**DATA PROVIDED**

****************

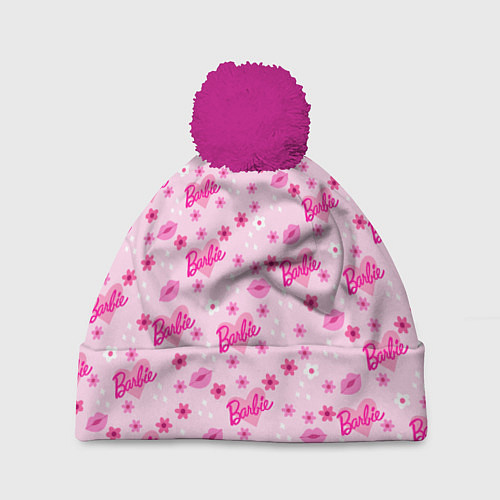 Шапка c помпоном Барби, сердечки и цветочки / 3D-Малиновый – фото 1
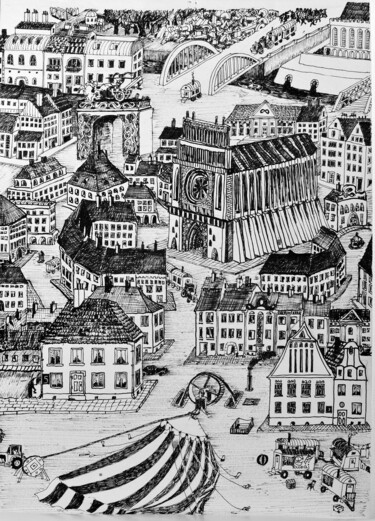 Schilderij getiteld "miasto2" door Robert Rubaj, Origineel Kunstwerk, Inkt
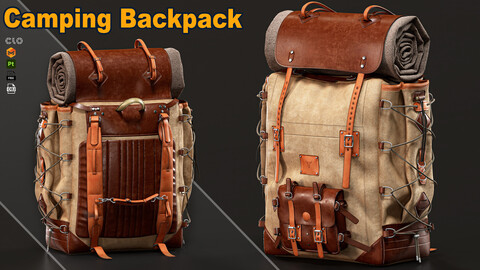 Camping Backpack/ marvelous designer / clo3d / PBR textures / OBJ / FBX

****************

Excluding the images, copy all of the material above verbatim.

**YOUR SOLUTION**
 Шапка c помпоном Барби, сердечки и цветочки / 3D-Малиновый – фото 1
 Schilderij getiteld "miasto2" door Robert Rubaj, Origineel Kunstwerk, Inkt
 Camping Backpack/ marvelous designer / clo3d / PBR textures / OBJ / FBX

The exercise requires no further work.